Exercise goal -> Though the entries contain pictures, the copy you make should hold only the rest, exactly as written.

Dataset ->
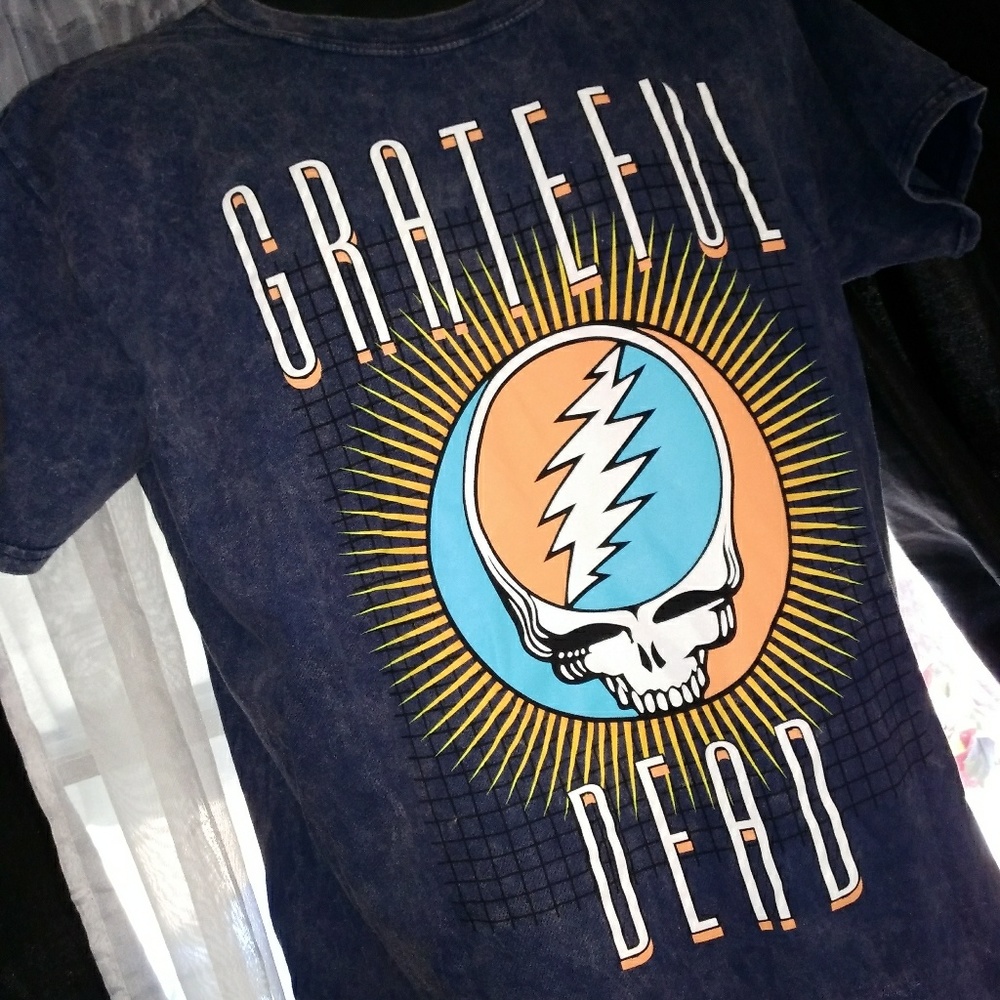 `Grateful Dead`TShirt Exclusive To Postmark Only - Picture 4 of 7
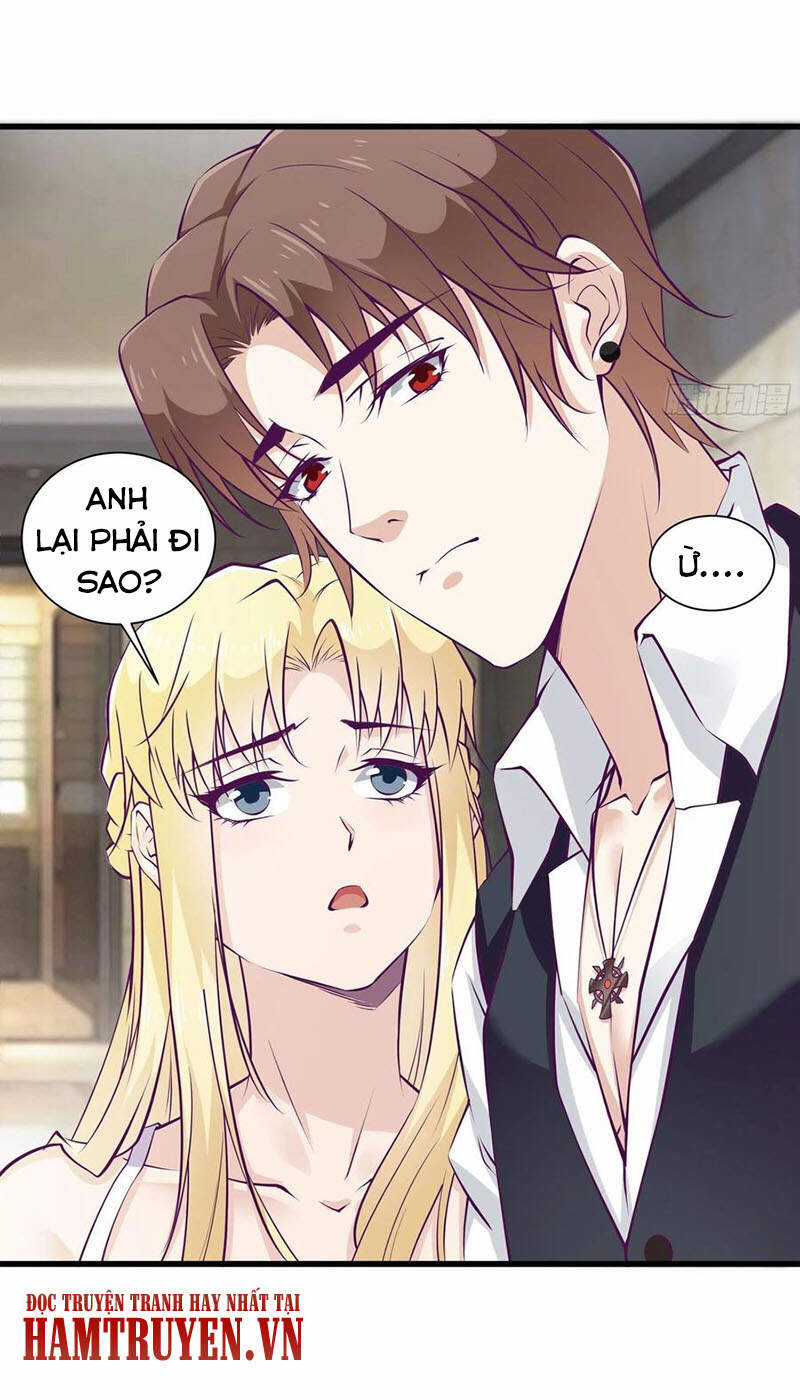 Ba Tôi Là Chiến Thần Chapter 48 trang 5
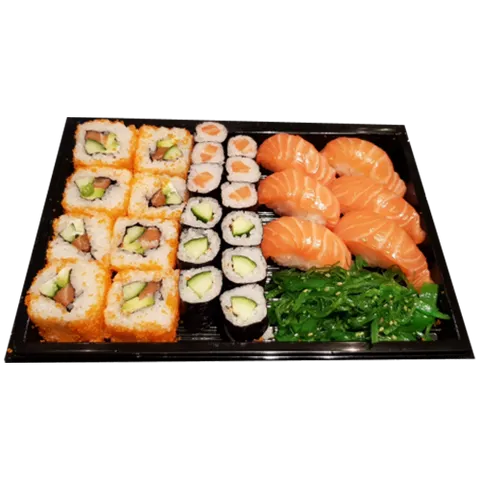 B5 Salmon nigiri mix 26 stuks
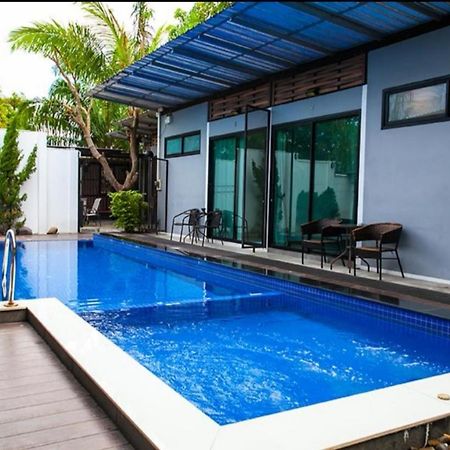 Pamoni Hotel Praia Chaweng Exterior foto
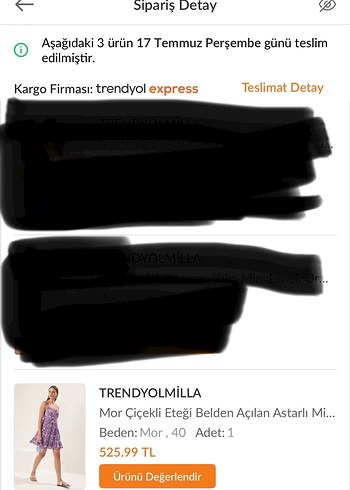 Trendyolmilla Elbise - Görsel 4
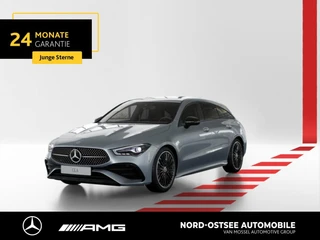 Mercedes-Benz CLA 200 d SB AMG NIGHT LED AHK DISTRO AMBIENTE AMG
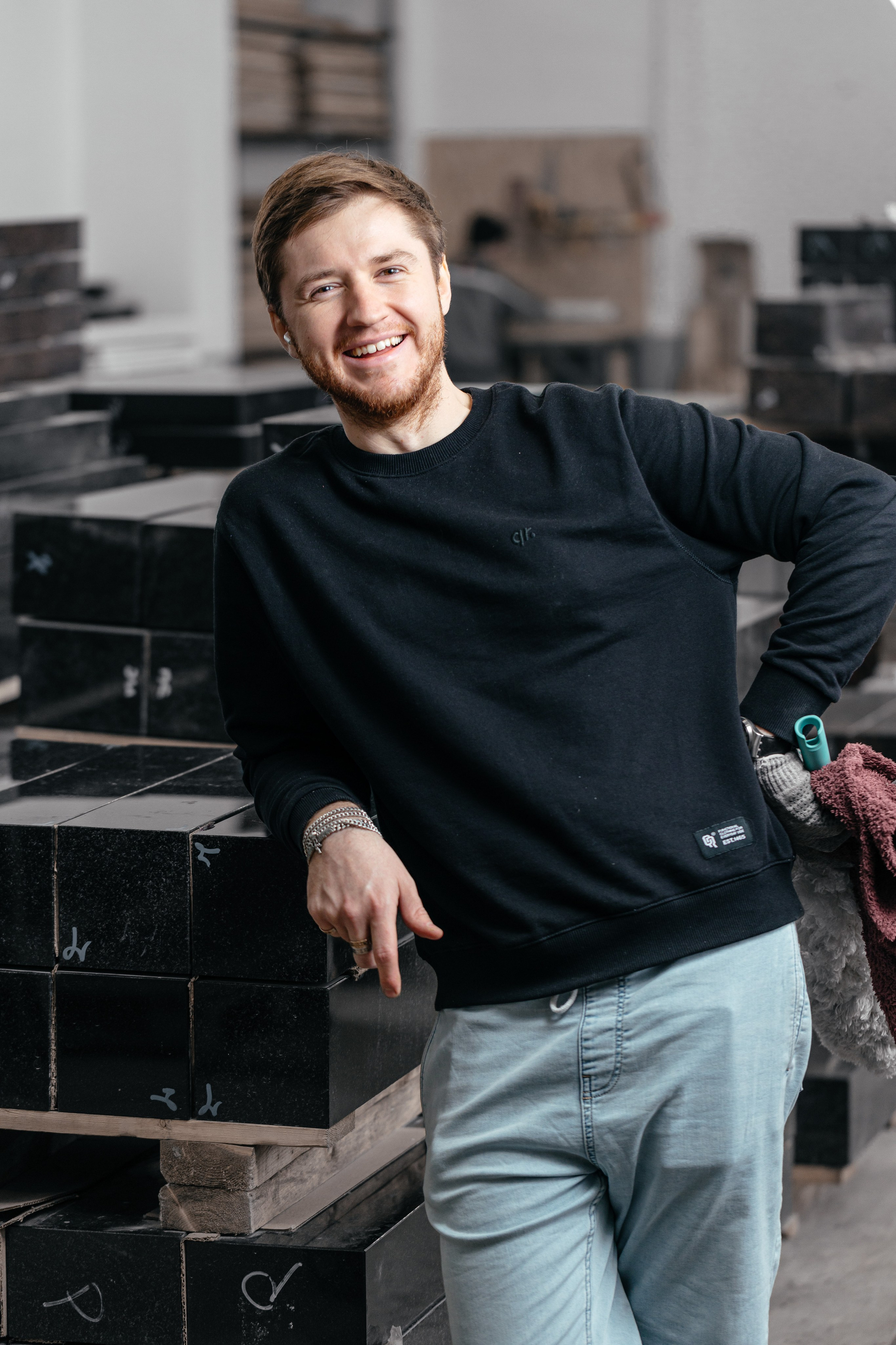 Русгранит. Фотограф для бизнеса Константин Брусницын в Екатеринбурге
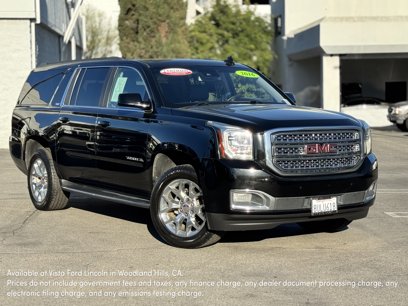 Used 2016 GMC Yukon XL SLT w/ Open Road Package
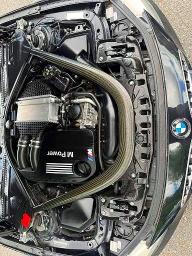 2015 Bmw M3 მანქანა იყიდება აუქციონზე, vin: WBS3C9C55FP803086, აუქციონის ნომერი: 64277646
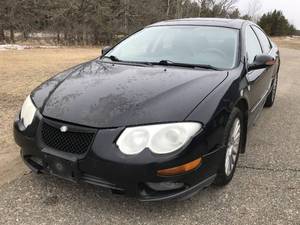 2002 Chrysler 300M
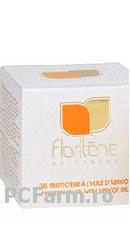 Gel de protectie cu ulei de caise - Floritene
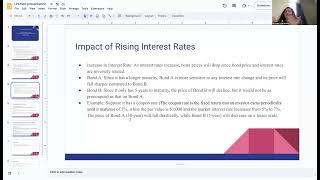 Bond Valuation [upl. by Eatnoid]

Expected answer ->
 `Grateful Dead`TShirt Exclusive To Postmark Only - Picture 4 of 7
 Ba Tôi Là Chiến Thần Chapter 48 trang 5
 B5 Salmon nigiri mix 26 stuks
 Pamoni Hotel Praia Chaweng Exterior foto
 Trendyolmilla Elbise - Görsel 4
 Mercedes-Benz CLA 200 d SB AMG NIGHT LED AHK DISTRO AMBIENTE AMG
 Русгранит. Фотограф для бизнеса Константин Брусницын в Екатеринбурге
 Used 2016 GMC Yukon XL SLT w/ Open Road Package
 2015 Bmw M3 მანქანა იყიდება აუქციონზე, vin: WBS3C9C55FP803086, აუქციონის ნომერი: 64277646
 2002 Chrysler 300M
 Gel de protectie cu ulei de caise - Floritene
 Bond Valuation [upl. by Eatnoid]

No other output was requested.